Simple fixes for typos and clear bugs are welcome.
We are currently overwhelmed. We respectfully request that you hold off on submitting Pull Requests and creating Request for Comments (RFCs) at this time. Our team is actively seeking funding to expand the Lean development team and improve our capacity to review and integrate contributions. We appreciate your understanding and look forward to being able to accept contributions in the near future. In the meantime, the process described in the following sections is temporarily suspended.
Tutorial-like examples are very welcome. They are useful for finding rough edges and bugs in Lean 4, for highlighting new features, and for showing how to use Lean. If you want to store your tutorial in the Lean 4 repository to make sure future changes will not break it, we suggest the following workflow:
- Contact one of the Lean developers on Zulip, and check whether your tutorial is a good match for the Lean 4 repository.
- Send bug reports and report rough edges. We will work with you until the tutorial looks great.
- Add plenty of comments and make sure others will be able to follow it.
- Create a pull request in the Lean 4 repository. After merging, we will link it to the official documentation and make sure it becomes part of our test suite.
You can use .lean
or .md
files to create your tutorial. The .md
files are ideal when you want to format your prose using markdown. For an example, see this .md
file.
Contributions to the reference manual are also welcome, but since Lean 4 is changing rapidly, please contact us first using Zulip to find out which parts are stable enough to document.
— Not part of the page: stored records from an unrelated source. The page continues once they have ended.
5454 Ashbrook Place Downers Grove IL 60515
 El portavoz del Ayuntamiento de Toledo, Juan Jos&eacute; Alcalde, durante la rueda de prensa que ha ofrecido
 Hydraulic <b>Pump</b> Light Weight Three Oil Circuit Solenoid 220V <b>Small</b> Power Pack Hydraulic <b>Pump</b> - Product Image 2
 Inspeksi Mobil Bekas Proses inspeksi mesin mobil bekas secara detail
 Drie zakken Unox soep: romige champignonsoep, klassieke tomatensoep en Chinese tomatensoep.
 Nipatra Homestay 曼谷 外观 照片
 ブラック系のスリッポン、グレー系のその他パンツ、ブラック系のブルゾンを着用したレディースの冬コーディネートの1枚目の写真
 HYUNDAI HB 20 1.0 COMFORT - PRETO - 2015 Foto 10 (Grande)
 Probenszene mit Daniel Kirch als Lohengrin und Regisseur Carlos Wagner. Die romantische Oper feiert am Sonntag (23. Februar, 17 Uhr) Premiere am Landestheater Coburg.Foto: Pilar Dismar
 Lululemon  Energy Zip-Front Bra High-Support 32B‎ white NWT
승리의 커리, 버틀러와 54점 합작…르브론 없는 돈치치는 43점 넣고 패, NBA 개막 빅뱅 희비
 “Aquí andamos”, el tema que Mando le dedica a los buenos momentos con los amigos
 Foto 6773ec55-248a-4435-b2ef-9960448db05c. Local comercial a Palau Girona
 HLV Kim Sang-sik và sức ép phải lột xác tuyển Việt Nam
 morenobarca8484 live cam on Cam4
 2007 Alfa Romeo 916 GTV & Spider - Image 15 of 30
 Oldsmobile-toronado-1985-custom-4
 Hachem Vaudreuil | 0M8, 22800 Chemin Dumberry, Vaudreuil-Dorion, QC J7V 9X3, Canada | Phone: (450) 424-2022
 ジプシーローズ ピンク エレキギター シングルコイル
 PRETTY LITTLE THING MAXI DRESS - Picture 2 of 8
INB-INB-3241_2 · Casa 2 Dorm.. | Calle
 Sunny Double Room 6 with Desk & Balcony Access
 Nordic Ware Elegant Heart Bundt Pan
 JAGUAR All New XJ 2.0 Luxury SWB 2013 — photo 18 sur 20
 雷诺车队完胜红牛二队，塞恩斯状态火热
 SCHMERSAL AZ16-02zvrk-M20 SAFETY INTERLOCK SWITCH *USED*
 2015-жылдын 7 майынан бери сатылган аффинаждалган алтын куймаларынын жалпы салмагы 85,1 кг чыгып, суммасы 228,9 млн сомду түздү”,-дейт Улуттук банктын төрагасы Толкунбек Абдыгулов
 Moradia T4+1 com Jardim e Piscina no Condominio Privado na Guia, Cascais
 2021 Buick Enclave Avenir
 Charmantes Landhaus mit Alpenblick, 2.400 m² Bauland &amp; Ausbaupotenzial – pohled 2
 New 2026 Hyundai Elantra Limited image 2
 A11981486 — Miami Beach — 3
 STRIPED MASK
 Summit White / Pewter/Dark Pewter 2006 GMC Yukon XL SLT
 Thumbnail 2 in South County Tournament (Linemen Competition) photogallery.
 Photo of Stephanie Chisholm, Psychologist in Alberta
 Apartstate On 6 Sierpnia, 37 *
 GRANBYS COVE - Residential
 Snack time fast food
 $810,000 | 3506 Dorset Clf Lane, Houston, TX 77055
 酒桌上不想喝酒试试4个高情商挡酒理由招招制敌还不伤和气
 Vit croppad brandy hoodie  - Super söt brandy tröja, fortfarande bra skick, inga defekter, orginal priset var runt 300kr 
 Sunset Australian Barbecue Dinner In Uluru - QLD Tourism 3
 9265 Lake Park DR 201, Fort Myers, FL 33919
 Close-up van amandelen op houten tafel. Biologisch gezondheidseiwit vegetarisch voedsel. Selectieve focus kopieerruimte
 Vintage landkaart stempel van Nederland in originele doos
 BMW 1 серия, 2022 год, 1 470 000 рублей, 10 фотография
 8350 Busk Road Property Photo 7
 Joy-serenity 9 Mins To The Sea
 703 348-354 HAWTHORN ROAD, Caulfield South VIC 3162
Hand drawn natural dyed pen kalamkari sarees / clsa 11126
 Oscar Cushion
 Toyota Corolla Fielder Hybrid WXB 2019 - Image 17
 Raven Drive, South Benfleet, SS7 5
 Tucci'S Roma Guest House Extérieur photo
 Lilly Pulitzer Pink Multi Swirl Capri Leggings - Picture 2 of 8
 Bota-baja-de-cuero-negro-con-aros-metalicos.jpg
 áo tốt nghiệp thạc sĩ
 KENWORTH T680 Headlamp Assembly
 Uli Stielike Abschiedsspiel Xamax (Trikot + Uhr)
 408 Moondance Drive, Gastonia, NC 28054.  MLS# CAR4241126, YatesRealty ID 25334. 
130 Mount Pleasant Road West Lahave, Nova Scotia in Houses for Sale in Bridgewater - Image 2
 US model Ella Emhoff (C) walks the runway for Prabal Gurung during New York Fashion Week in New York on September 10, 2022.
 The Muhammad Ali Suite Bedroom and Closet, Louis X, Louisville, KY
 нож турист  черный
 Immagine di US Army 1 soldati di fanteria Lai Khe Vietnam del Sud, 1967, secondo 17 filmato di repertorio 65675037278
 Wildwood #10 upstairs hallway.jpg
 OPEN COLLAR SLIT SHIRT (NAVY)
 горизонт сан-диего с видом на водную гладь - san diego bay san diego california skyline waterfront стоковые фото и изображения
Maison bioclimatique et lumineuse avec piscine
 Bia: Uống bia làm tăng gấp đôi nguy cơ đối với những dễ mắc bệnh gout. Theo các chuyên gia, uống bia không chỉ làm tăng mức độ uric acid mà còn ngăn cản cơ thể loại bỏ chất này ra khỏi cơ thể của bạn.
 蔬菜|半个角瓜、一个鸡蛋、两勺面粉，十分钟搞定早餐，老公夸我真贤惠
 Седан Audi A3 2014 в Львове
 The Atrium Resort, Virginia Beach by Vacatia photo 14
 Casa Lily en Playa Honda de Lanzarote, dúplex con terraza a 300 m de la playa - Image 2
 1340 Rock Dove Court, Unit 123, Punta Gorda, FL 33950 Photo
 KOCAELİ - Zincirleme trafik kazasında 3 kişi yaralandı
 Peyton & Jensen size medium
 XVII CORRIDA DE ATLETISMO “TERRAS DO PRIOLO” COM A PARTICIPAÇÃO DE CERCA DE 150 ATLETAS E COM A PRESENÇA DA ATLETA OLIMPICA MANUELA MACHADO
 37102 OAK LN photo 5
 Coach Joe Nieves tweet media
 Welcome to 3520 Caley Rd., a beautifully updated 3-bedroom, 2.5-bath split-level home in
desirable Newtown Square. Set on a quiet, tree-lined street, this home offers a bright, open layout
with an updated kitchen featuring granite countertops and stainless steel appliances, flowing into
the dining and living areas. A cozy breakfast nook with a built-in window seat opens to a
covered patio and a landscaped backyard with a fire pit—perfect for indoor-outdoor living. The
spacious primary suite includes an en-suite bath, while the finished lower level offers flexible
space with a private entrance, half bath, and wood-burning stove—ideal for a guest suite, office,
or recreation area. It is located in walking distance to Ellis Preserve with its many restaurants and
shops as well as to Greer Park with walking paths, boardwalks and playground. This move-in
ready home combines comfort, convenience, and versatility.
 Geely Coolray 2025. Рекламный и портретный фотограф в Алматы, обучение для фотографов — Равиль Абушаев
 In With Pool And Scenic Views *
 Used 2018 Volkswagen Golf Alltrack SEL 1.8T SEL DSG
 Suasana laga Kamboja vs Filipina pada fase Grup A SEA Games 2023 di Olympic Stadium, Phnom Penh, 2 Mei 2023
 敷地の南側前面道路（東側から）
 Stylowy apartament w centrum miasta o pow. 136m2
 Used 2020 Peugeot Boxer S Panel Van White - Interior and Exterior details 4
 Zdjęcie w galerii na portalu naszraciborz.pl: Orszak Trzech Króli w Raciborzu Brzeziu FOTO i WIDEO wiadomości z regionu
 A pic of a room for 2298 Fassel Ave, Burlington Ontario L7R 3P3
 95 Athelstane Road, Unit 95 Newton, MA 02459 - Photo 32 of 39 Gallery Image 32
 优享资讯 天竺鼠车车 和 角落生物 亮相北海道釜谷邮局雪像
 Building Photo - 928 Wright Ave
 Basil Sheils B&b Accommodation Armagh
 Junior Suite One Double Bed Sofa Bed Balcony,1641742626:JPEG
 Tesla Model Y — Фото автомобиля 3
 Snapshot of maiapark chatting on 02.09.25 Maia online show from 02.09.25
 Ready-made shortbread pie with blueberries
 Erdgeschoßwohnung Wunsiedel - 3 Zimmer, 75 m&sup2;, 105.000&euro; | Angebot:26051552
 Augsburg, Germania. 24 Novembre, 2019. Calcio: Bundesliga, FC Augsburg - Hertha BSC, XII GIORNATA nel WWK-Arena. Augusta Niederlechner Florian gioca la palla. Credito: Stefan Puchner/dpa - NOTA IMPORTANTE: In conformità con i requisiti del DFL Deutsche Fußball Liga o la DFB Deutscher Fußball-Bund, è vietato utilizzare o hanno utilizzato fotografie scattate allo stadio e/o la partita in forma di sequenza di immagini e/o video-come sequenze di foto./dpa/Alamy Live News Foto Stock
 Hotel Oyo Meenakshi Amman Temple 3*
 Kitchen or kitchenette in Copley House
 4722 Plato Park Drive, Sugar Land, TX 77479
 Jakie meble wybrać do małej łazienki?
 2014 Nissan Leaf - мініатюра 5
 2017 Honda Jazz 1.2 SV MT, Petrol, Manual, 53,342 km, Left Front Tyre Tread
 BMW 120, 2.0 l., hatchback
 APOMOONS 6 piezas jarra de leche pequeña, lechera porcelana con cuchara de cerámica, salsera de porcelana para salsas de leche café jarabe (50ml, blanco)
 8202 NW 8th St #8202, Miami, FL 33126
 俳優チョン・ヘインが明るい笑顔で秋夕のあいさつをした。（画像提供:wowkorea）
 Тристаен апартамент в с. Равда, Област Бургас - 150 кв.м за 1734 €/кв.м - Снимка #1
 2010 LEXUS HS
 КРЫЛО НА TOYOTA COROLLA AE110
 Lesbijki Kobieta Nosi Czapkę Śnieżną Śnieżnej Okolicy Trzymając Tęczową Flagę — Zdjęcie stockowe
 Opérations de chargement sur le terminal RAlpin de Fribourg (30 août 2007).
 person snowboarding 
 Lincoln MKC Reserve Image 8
We will work with you to get this kind of pull request merged. We are also happy to meet using Zoom, Skype or Google hangout to coordinate this kind of effort.
As Lean 4 matures, other forms of documentation (e.g., doc-strings) will be welcome too.
For issues marked as help wanted
, pull requests (PR) are welcome and we will work with you to get a PR merged. Some of these issues are nontrivial. If you are interested, please consider adding comments to the issue and/or messaging the Lean developers in Zulip.
We have very few core developers, and we cannot review arbitrary pull requests (PRs). Moreover, many features involve subtle tradeoffs, and it may require significant time and energy to even assess a proposed design. We suggest the following workflow:
- First, discuss your idea with the Lean community on Zulip. Ask the community to help collect examples, document the requirements, and detect complications.
- If there is broad support, create a detailed issue for it on the Lean 4 repository at GitHub, and tag the issue with
RFC
. - Ask the community for help documenting the requirements, and for collecting examples and concerns.
- Wait for one of the core developers to give you a "go ahead". At this point, the core developers will work with you to make sure your PR gets merged.
We don't want to waste your time by you implementing a feature and then us not being able to merge it.
- Always follow the commit convention.
- Follow the style of the surrounding code. When in doubt, look at other files using the particular syntax as well.
- Make sure your code is documented.
- New features or bug fixes should come with appropriate tests.
- Ensure all tests work before submitting a PR; see Development Setup and Fixing Tests.